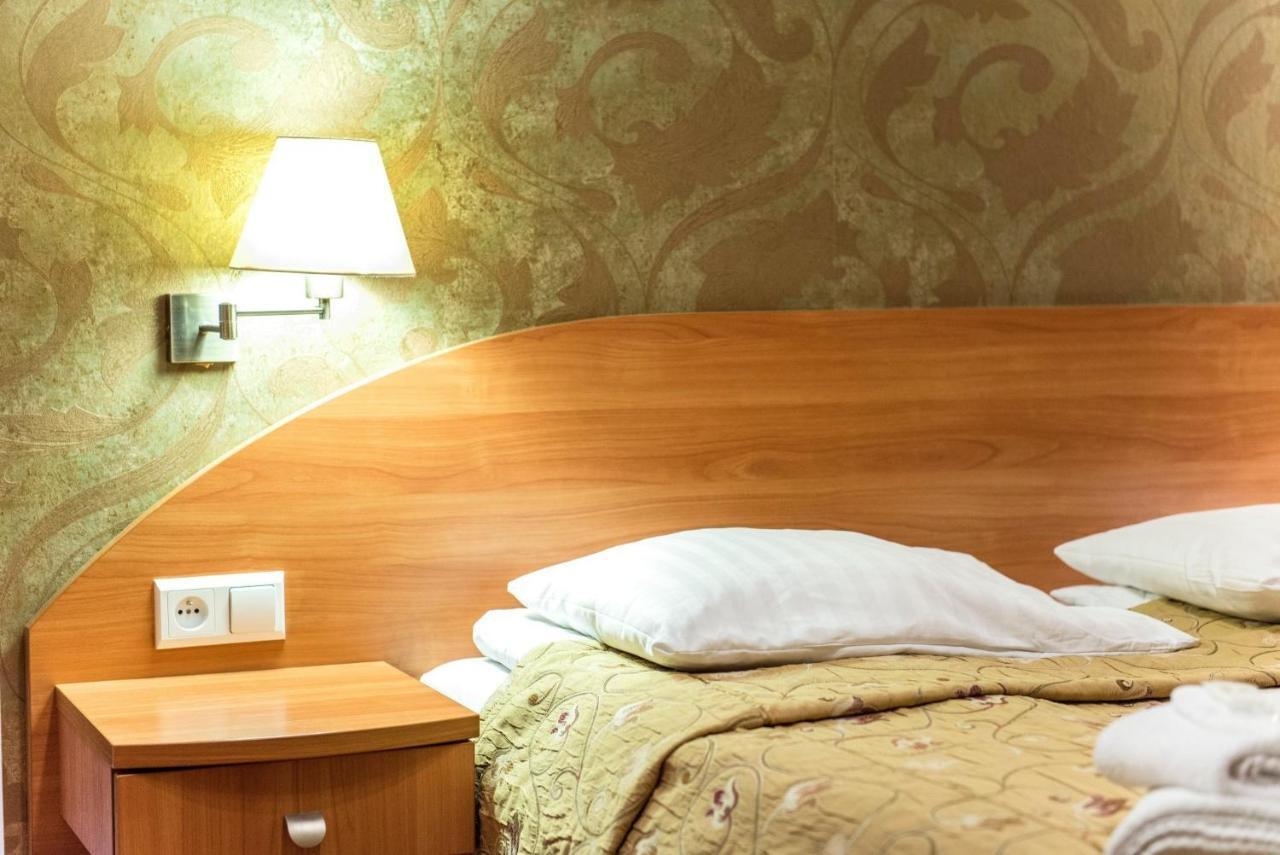 Hotel Karczowka Kielce Extérieur photo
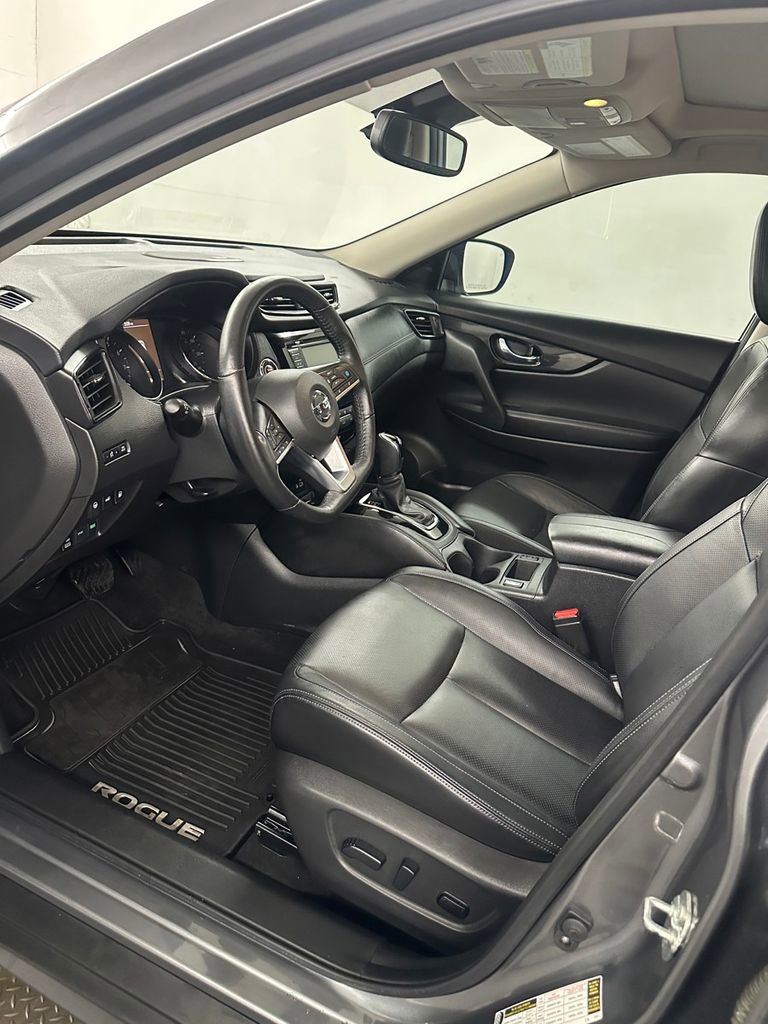 Used 2018 Nissan Rogue SL w/ Premium Package AWD/4WD image 10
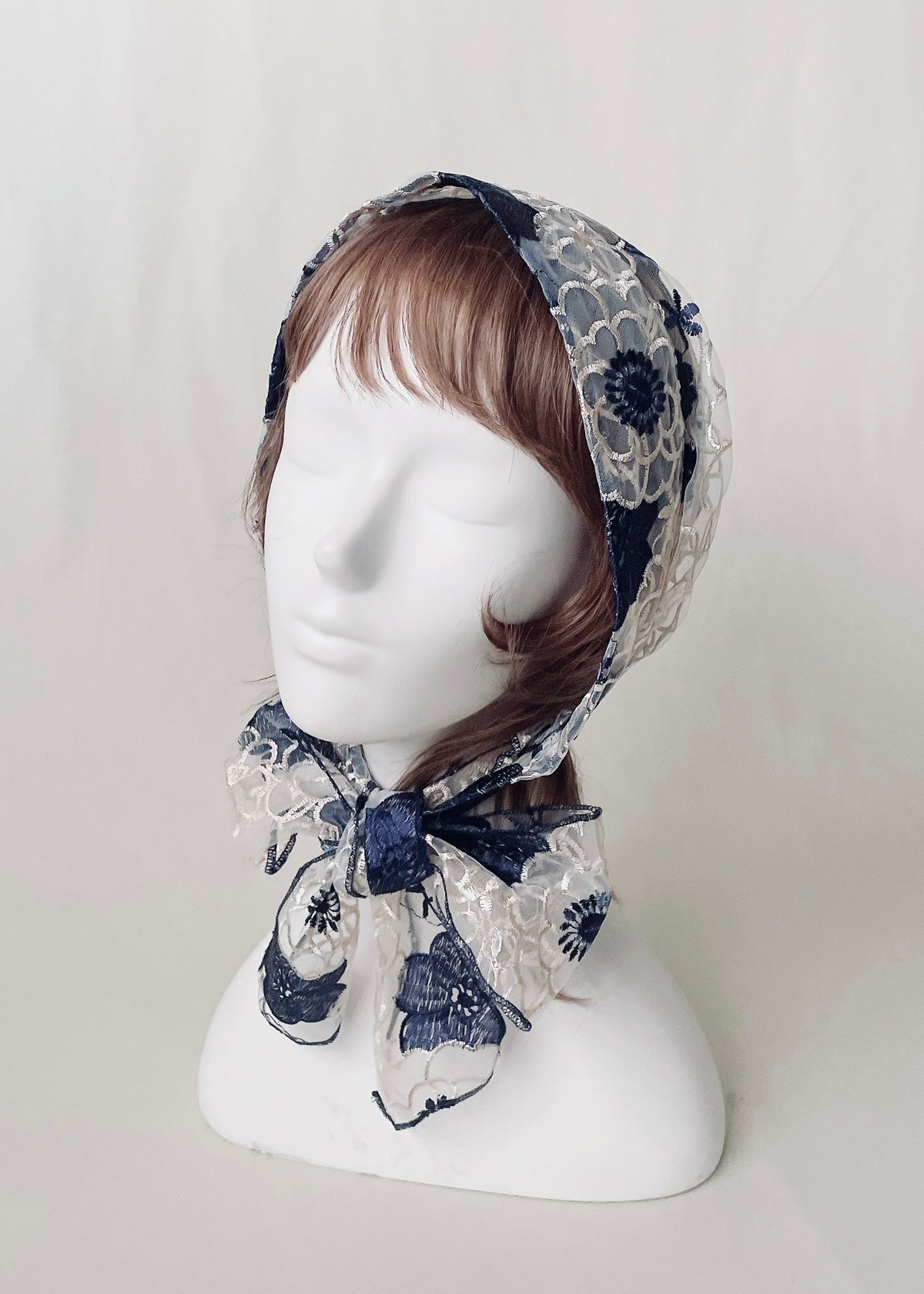 Anemone | Embroidred Lace Veil Hood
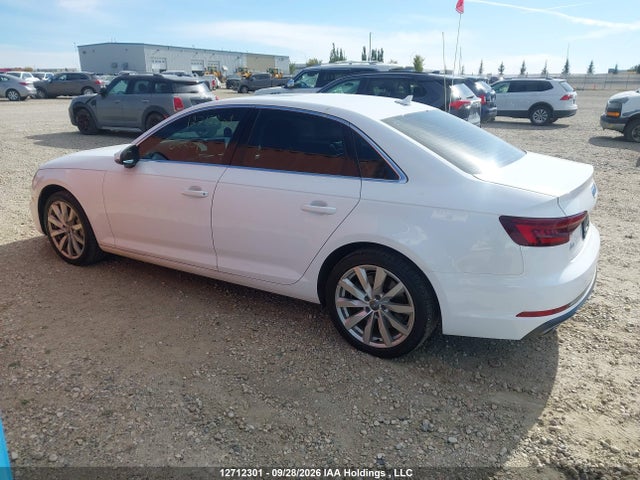 12712301 :رقم المزاد ، WAUANAF4XKA010132 vin ، 2019 Audi A4 Komfort مزاد بيع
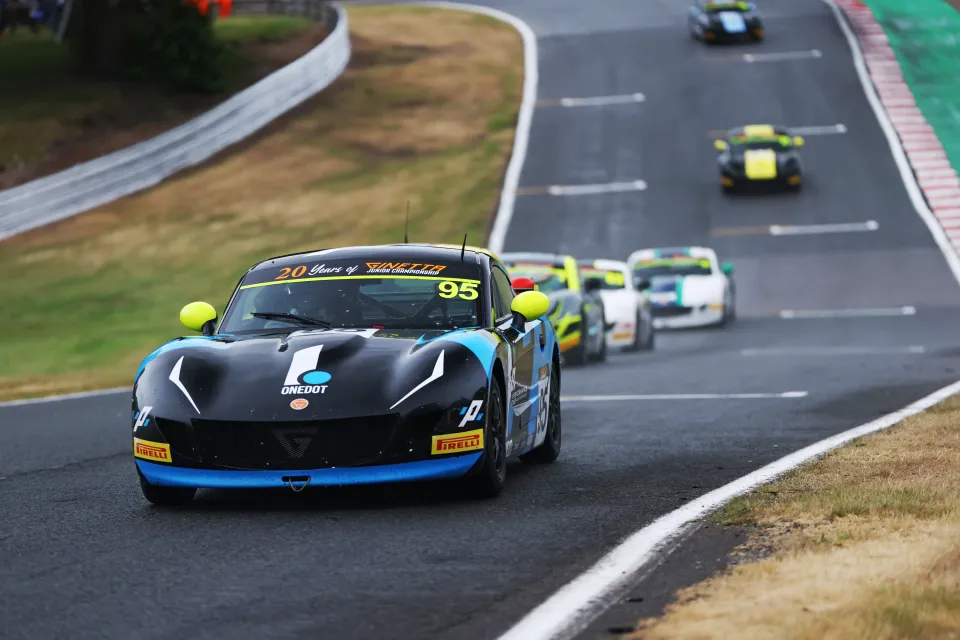 Round 3 - Difficult Weekend at Oulton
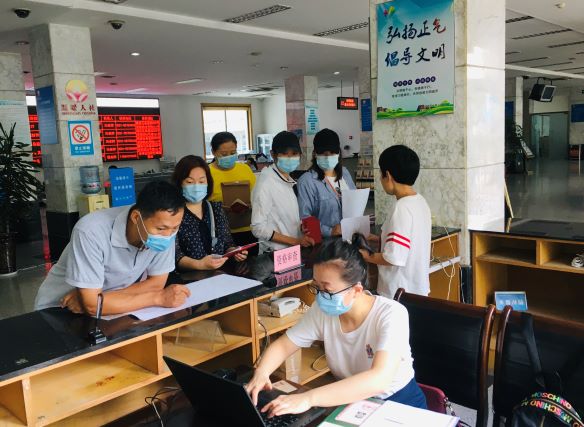 济南社工报名现场审核1.jpg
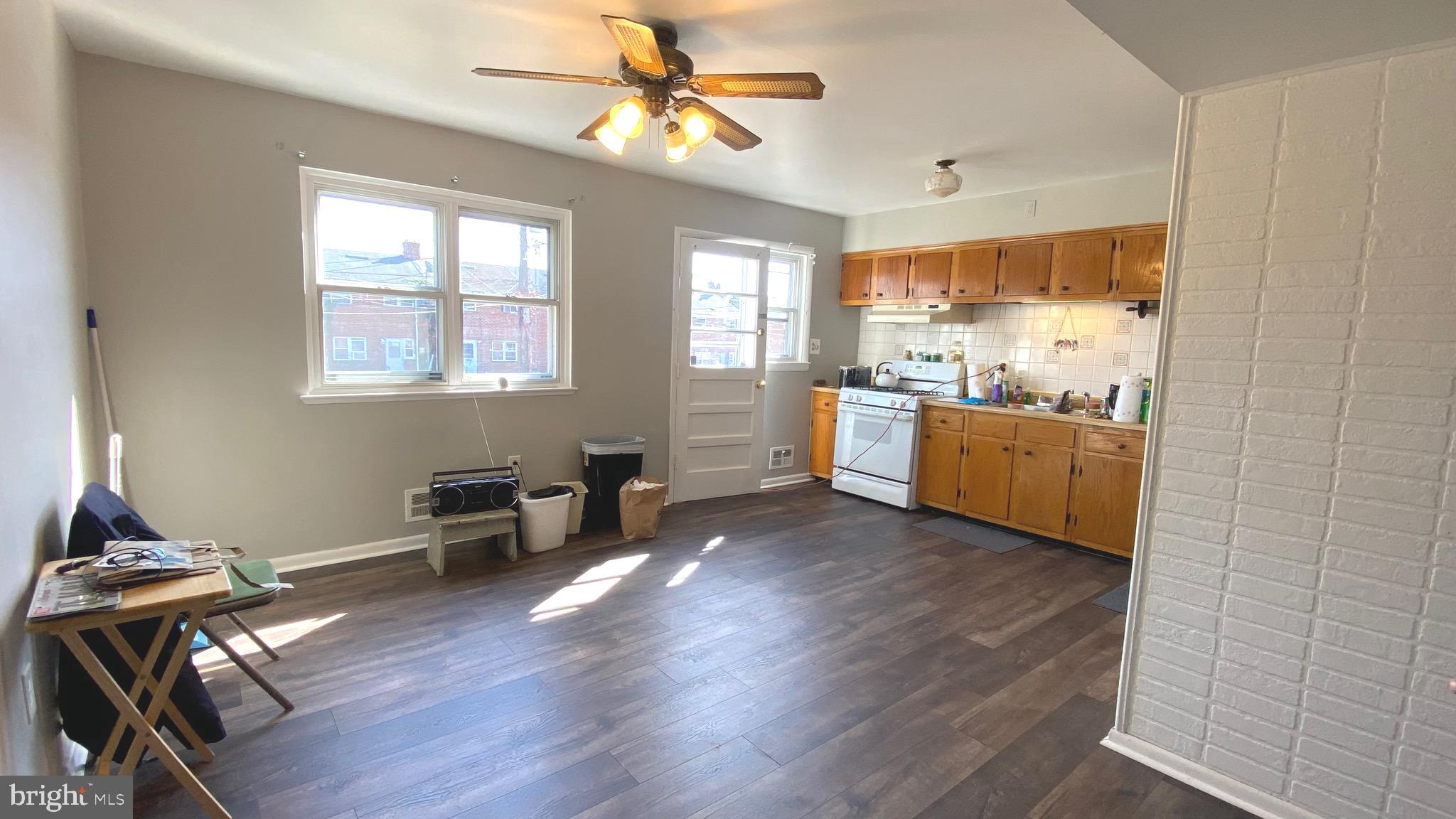 641 South Wickham Road Baltimore, MD 21229 - Photo 8 of 22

_ _ _ _

Problem description
Print the data exactly as written, dropping any images it holds.

Reply to the task
 Hotel Karczowka Kielce Extérieur photo
 Used 2018 Nissan Rogue SL w/ Premium Package AWD/4WD image 10
 Anemone | Embroidred Lace Veil Hood
 12712301 :رقم المزاد ، WAUANAF4XKA010132 vin ، 2019 Audi A4 Komfort مزاد بيع
 Round 3 - Difficult Weekend at Oulton
 济南社工报名现场审核1.jpg
 641 South Wickham Road Baltimore, MD 21229 - Photo 8 of 22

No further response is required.